WHAT YOU ARE ASKED TO DO
Using the material below, repeat exactly the lines from the one with "Le Marguerite 2 Prs Vue Parking Clim" through the one with "Straggle String", ends included, without any images.

RECORD SET

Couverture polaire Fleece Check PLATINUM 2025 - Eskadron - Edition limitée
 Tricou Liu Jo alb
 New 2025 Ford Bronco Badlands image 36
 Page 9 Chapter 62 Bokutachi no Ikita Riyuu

==

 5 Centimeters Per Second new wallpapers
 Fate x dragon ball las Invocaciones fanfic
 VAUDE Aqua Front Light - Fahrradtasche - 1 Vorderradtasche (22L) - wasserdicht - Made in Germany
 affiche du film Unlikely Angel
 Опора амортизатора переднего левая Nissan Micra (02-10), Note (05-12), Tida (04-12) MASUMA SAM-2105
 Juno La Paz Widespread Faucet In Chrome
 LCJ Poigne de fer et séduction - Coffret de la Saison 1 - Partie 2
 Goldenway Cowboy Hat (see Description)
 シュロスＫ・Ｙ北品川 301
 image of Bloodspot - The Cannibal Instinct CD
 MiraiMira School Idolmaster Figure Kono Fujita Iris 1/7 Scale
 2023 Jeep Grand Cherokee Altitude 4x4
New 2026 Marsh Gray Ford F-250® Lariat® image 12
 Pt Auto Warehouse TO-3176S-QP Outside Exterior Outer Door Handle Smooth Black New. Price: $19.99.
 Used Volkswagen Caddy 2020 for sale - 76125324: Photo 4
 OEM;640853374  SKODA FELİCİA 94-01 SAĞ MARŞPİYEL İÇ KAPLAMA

--

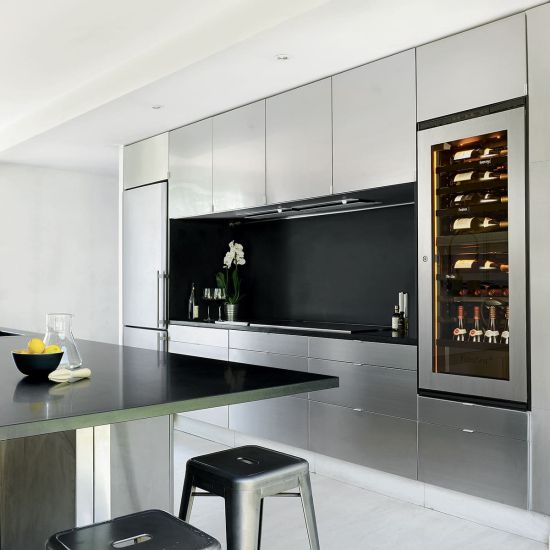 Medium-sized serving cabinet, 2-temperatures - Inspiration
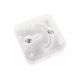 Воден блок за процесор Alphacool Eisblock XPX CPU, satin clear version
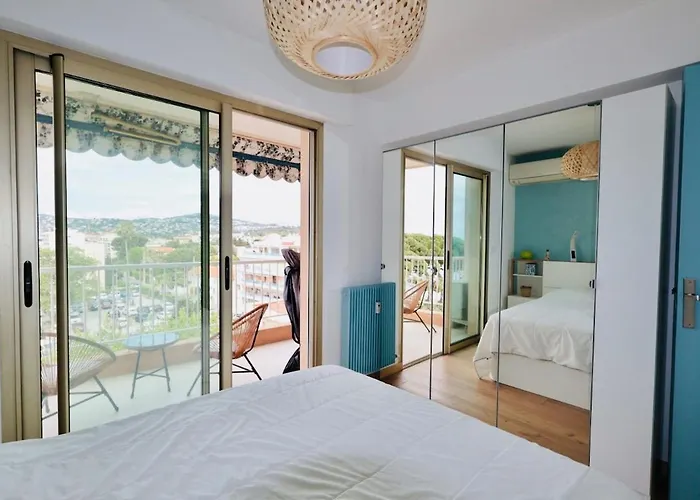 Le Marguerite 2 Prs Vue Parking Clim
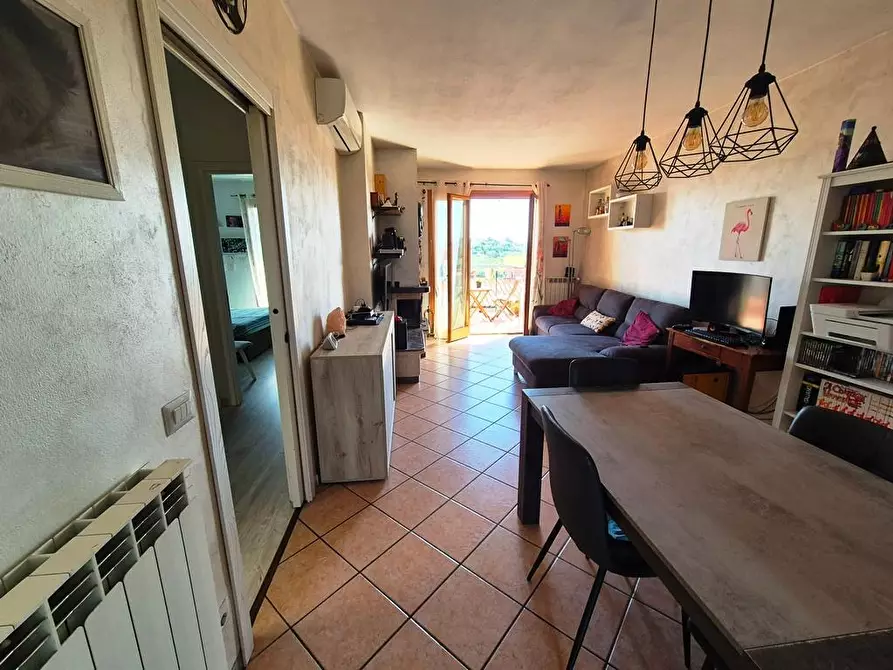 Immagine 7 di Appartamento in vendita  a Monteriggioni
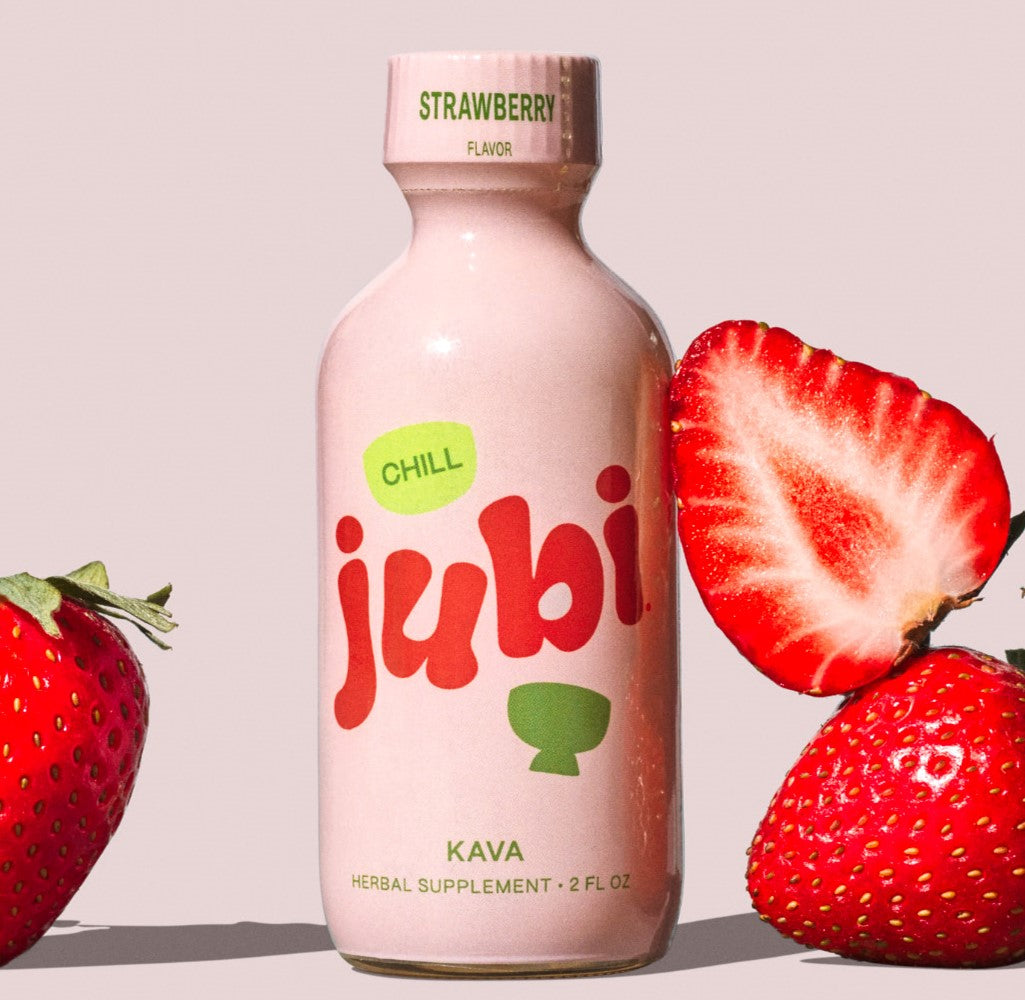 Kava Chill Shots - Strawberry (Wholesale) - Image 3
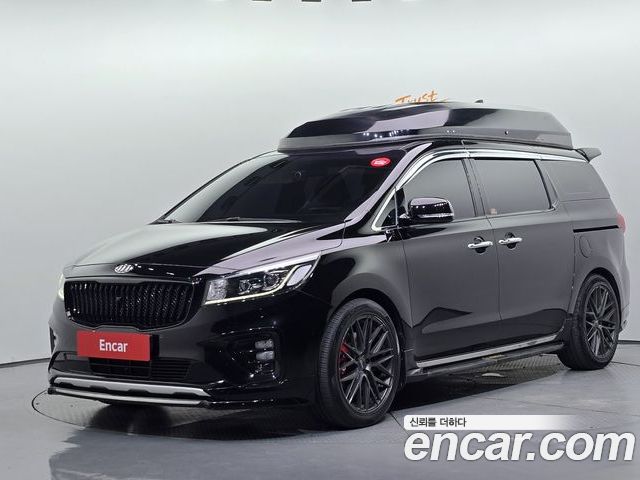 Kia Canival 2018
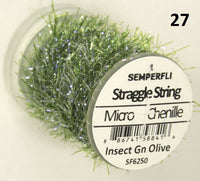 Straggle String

WRITTEN ANSWER
 Le Marguerite 2 Prs Vue Parking Clim
 Immagine 7 di Appartamento in vendita  a Monteriggioni
 Kava Chill Shots - Strawberry (Wholesale) - Image 3
 Kia Canival 2018
 Straggle String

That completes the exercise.